====== GIVEN DATA ======

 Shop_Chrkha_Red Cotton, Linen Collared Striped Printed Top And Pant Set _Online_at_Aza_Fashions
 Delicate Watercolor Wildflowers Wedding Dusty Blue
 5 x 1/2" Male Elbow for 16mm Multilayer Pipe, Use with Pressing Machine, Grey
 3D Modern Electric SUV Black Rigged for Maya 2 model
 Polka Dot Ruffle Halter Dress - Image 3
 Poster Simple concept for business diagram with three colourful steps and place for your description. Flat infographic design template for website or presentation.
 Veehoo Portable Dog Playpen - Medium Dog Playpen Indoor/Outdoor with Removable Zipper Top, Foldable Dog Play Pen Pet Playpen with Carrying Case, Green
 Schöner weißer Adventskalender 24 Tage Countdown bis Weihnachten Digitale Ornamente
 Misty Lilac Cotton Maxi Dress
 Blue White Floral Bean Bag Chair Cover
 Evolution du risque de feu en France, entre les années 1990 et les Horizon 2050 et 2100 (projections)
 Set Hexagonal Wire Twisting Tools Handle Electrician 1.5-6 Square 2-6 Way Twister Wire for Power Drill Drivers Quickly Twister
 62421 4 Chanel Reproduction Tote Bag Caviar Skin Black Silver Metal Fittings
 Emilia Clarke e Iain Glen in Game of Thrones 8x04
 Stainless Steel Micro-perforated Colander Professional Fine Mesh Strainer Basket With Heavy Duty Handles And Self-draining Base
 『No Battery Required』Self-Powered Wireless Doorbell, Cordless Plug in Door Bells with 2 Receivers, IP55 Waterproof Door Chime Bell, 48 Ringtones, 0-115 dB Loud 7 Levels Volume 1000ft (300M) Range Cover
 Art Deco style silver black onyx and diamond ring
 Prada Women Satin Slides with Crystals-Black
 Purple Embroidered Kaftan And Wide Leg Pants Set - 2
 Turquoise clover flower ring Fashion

======

■ WORK REQUIRED
Each line holding the word "Self" must be copied from the data.

■ WRITTEN ANSWER
 Stainless Steel Micro-perforated Colander Professional Fine Mesh Strainer Basket With Heavy Duty Handles And Self-draining Base
 『No Battery Required』Self-Powered Wireless Doorbell, Cordless Plug in Door Bells with 2 Receivers, IP55 Waterproof Door Chime Bell, 48 Ringtones, 0-115 dB Loud 7 Levels Volume 1000ft (300M) Range Cover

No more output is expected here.